OPTIX_EXCEPTION_CODE_TRAVERSAL_INVALID_HIT_SBT root cause?

Hey,
in my OptiX7.6-based pathtracer (using the OptiX Apps architecture) I again got validation error OPTIX_EXCEPTION_CODE_TRAVERSAL_INVALID_HIT_SBT, but this time only on some materials, while most opaque and MDL materials work fine. Tested with separate settings on different launches.
To me it seems to be a problem somewhere in a volume material, but when I remove another material, the volume material at least does not cause the validation error.
I tried to increase MaxTraversalDepth (from 3 to 5) and pipeline_link_options.maxTraceDepth (from 3 to 5) without any success. In all cases I use 3 ray types: radiance, occlusion and scattering
The object uses in-built triangles, no motion-blur, no re-fitting, no cutout.

From the API Reference I found optixGetExceptionInvalidSbtOffset() and added it into the exception program but no output from there shows up. There is only one global “Exception program record”. Or do I need to add another exception program for the hit groups? I found no example wihtin the SDK.

I’ve seen SBT problem when using multiple GAS objects. - #2 by droettger and I use the index as described there:

sbt_idx=0
sbt_idx_occlusion=1
sbt_idx_scatter=2

sbt_idx=3
sbt_idx_occlusion=4
sbt_idx_scatter=5

sbt_idx=6
sbt_idx_occlusion=7
sbt_idx_scatter=8

sbt_idx=9
sbt_idx_occlusion=10
sbt_idx_scatter=11

count_hitgroup_records=12

while for test I even use pg_null for scattering. pg_null is built using optixProgramGroupCreate with all parameters zero.
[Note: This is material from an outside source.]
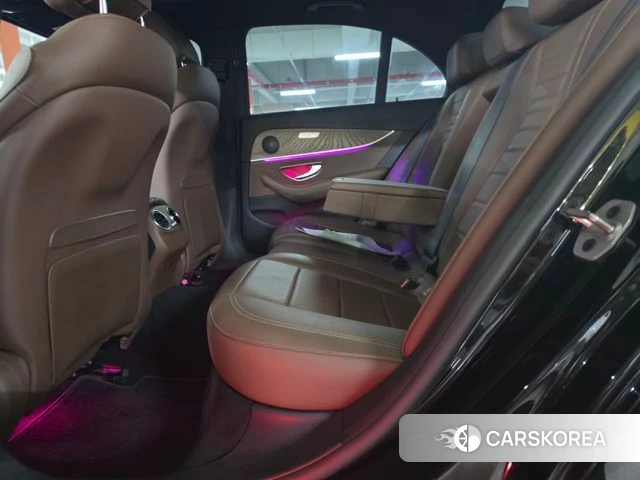 Mercedes-Benz E-Class W213 2021 Черный из Кореи, фото 6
In another (closed) case I got this validation error, when a pipeline setting related to curves was invalid. In the current test there are no curves; All objects are out of inbuilt-triangles.

My System:
OptiX 7.6.0 SDK
CUDA 11.8
GTX 1050 2GB
Win10PRO 64bit (version 22H2; build 19045.2846)
8GB RAM
device driver: 531.79
VS2019 v16.11.26
MDL SDK 2020.1.2
Windows SDK 10.0.19041.0

Hard to tell what is going on from that description.

  • When you say you got a validation error, do you mean you enabled OptiX ’ validation mode https://github.com/NVIDIA/OptiX_Apps/blob/master/apps/MDL_renderer/src/Device.cpp#L286

  • The validation error did not report any additional information which SBT index it complained about?
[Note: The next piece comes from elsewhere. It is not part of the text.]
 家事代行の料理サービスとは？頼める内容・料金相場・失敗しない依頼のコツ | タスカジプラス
  • What is the maximum traversal depth and maximum trace depth actually needed inside your scene?
    Always use the minimum values for both to reduce the required stack size.

  • Did you calculate the stack size explicitly? (That is obligatory when using callables!)

  • There is only one exception record per pipeline.
    Are you saying you do not catch that exception inside your exception program?
    If not, what happens with validation mode disabled?

  • If the problem moves or disappears when changing the number of materials strip down the scene to the smallest reproducing content.

  • Check all values inside the OptiX instances and Shader Binding Table for correctness (sbtOffset, SBT record headers, number of entries inside all SBT records, their stride, their alignment).

  • Try isolating which optixTrace call (which ray type) is responsible for the invalid SBT index error.
    My OptiX applications are not using three ray types, so you’re actually implementing a different device program architecture which might be the culprit if you’re having issues with volume materials.

  • Check all optixTrace calls for correct arguments.
    Use the formula in chapter 7.3 of the OptiX Programming Guide to check the effective SBT index by printing out all values from the instance and optixTrace call which affect the final SBT index, calculate that yourself, and print it before all optixTrace calls. Check if any of them is out of bounds.

  • Try newer display drivers.

  • Try newer OptiX SDK versions.

1 Like

Thank you for your answer.

I think I found the problem, but some issues still remain.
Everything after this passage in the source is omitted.